THE DOG DOC
Cedar Creek Productions
Reviewed for Shockya.com & BigAppleReviews.net linked from Rotten Tomatoes by: Harvey Karten
Director: Cindy Meehl
Screenwriter: Cindy Meehl
Cast: Dr. Martin Goldstein, Waffles, Scooby, Mulligan
Screened at: Critics’ link, NYC, 4/22/19
Opens: May 3, 2019
If you don’t believe that Dr. Marty Goldstein should be Time magazine person of the year, maybe you just don’t like dogs. Dr. Marty presides over dogs and their human companions in Westchester County, New York, in the Hamlet of North Salem, with a population of under 10,000 people and maybe one thousand dogs or more. (Fifty percent of homes in the U.S. have at least one dog.) The town is populated by well-heeled folks with a median household income of $154,000, so these are not the kinds of people who would euthanize their dogs and cats if their pets needed veterinary care beyond the usual check-ups.
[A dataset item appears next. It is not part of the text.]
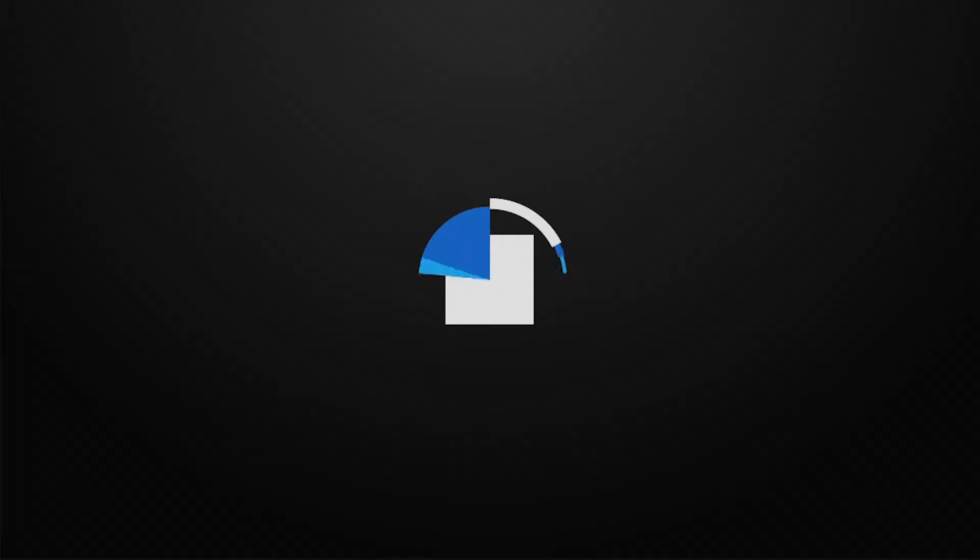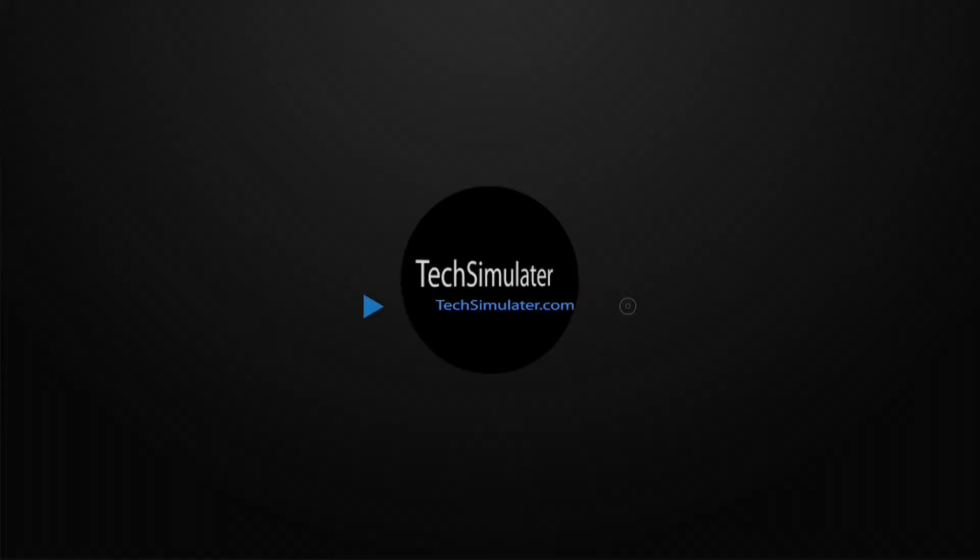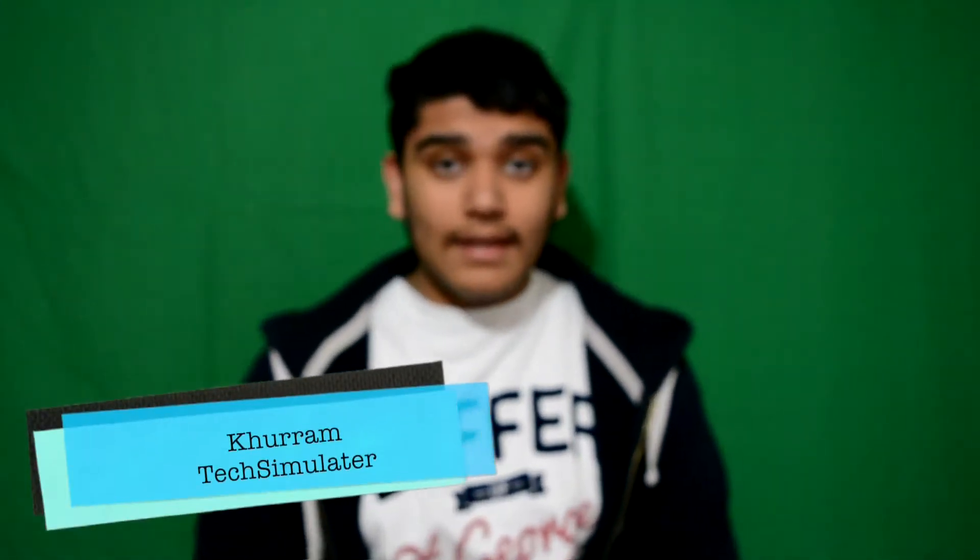What is going on guys, it is Tech Simulator and in this video I will be talking about Apple's new spring event that happened just in the last 24 hours on Monday the 9th of March. Let's get on with the video.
Here in New York City, dog lovers flock to the Animal Medical Center on the Upper East Side, a wonderful facility with a staff able to treat every kind of illness, but it’s a large place, confusing to people entering the first time with a sick animal. On the other hand, Dr. Marty’s facility looks from the outside like a large ranch house, but inside, the place is teeming with dogs and cats and their humans, and with a considerable staff of licensed veterinary technicians.
Dr. Marty does not dress in the traditional white coat that has been known to raise dogs’ blood pressure, but come across as somewhat hippie-ish with colorful garb, an adult version of his student days at Cornell, with a class picture showing him as one of the few classmates with a thick hair and lush beard.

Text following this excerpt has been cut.